Federation Training has been thrown a $2.5 million emergency lifeline by the new Labor government to fund critical student support, which has been “sorely” lacking at the troubled institution.
Announcing the rescue payment to a cohort of trades students at the Yallourn campus on Thursday, Member for Eastern Victoria Region Harriet Shing said the money would fund a student support team aimed at keeping at-risk students engaged in training and help curb dropout rates.
“TAFE’s suffered more than $70 million in losses last year alone – and there are TAFE campuses across Victoria in financial strife,” Ms Shing said.
“The Labor Government is rebuilding our TAFE system and rescuing campuses like Yallourn, so young people across Gippsland can get the skills they need for the jobs they want.”
Fed Training – formed last year through the merger of GippsTAFE and AdvanceTAFE – has continued under a cloud of uncertainty through ongoing organisational and course restructures, forced largely by widespread funding cuts by the former Coalition government.
The fresh lifeline comes as part of a fast-tracked $20 million instalment from Labor’s new $320 million TAFE Rescue Fund.
Ms Shing said with a 25 per cent non-completion rate it was important Gippsland got its fair share of the fund.
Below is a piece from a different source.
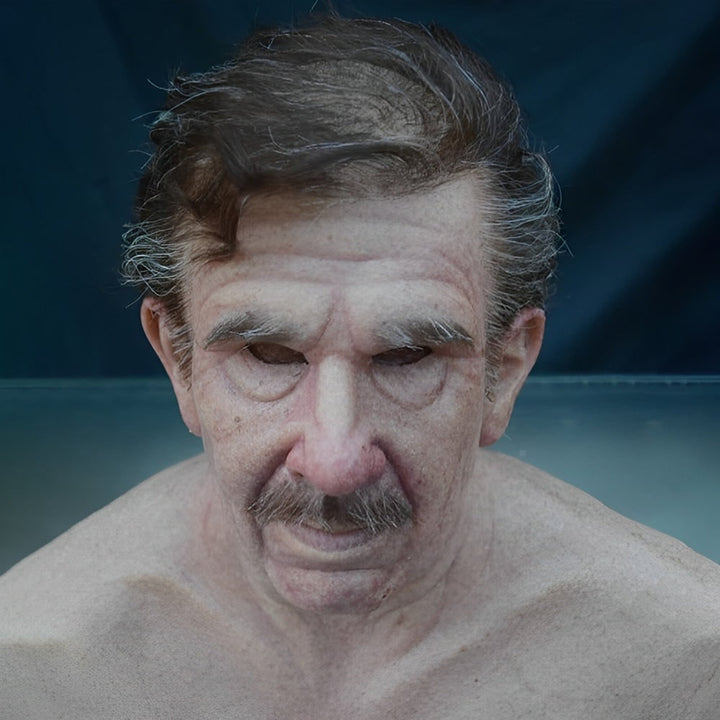 Men's Halloween Silicone Old Man Mask with Faux Hair for Costume Party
Fed Training chief executive Wendy Wood said the organisation had been unable to give students proper career advice for the last four years.
“This week one teacher had 120 calls in backlog from students who didn’t know whether they were in the right course,” Ms Wood said.
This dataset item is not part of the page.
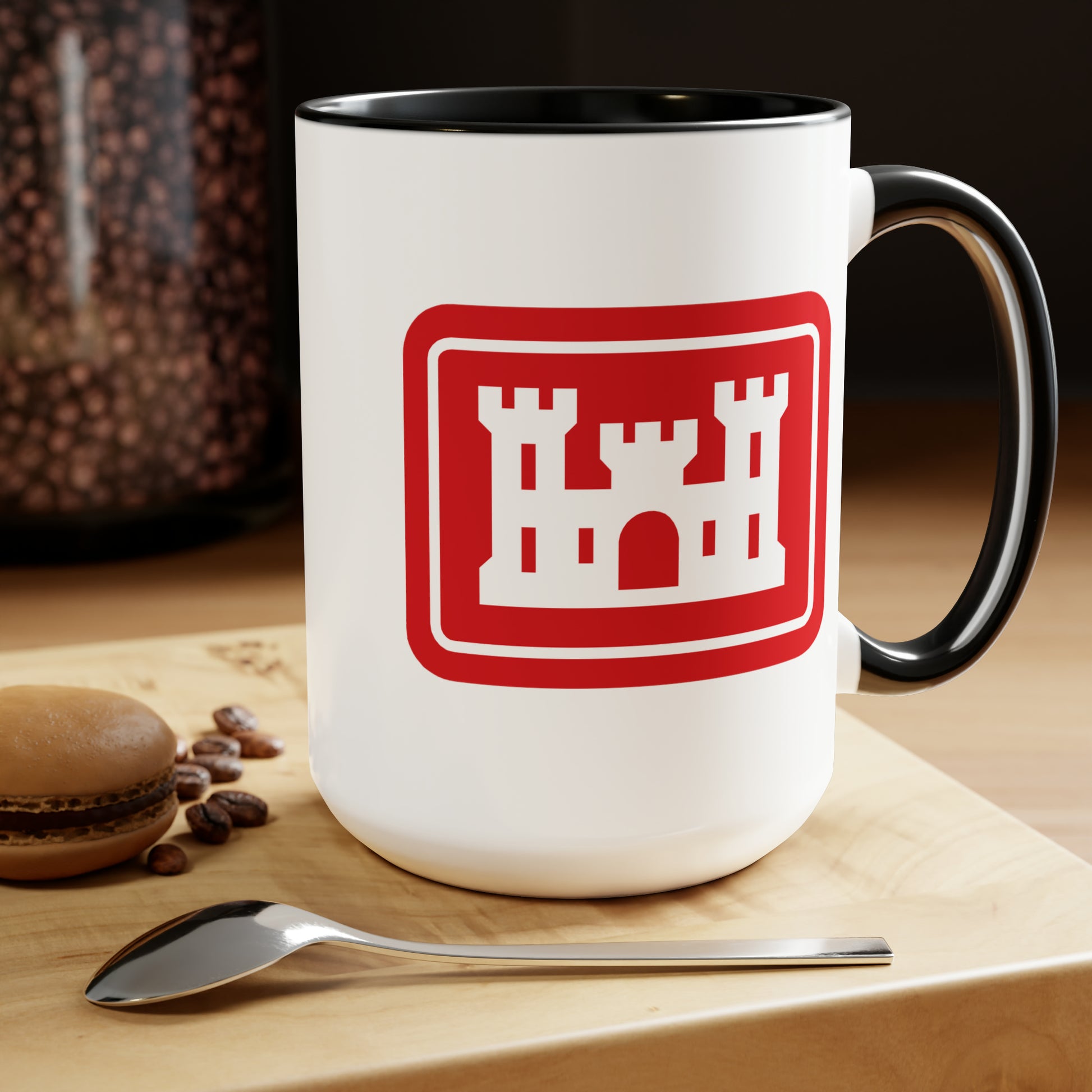US Army Corps of Engineers Coffee Mug - Double Sided Black Accent Ceramic 15oz - by TheGlassyLass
“This causes enormous stress for students and is a large factor in drop outs.”
She said the rescue package could save up to 20 further positions across the institution by redeploying excess teachers across the organisation into new roles created through the new ‘support team’, and allow the institution to actually pay teachers’ salaries “instead of downsizing further”.
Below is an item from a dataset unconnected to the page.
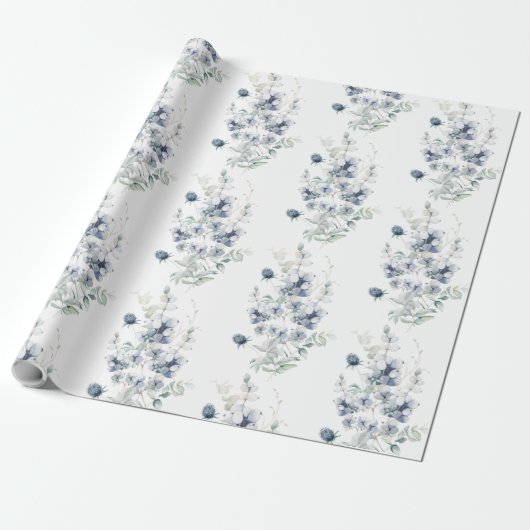 Rol van usty Blue Floral Cadeaupapier (Uitgerold)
The student support team’s core role will help teaching staff monitor and identify students lacking basic foundation skills which in past years would “often fly under the radar”.
Having faced an 18 per cent drop in apprentice numbers, Ms Wood said the organisation was “anxiously awaiting” final enrolment figures, which would become clear in March, adding she believed the institution had finally stemmed the enrolment decline experienced over the last three years.
However Ms Wood said the organisation still had “some tough decisions ahead”.
“We won’t be letting them off the hook yet,” Ms Woods said, flagging intentions to secure more government ‘rescue funding’ to upgrade ageing ‘hands on’ trades equipment across Fed Training’s Gippsland campuses.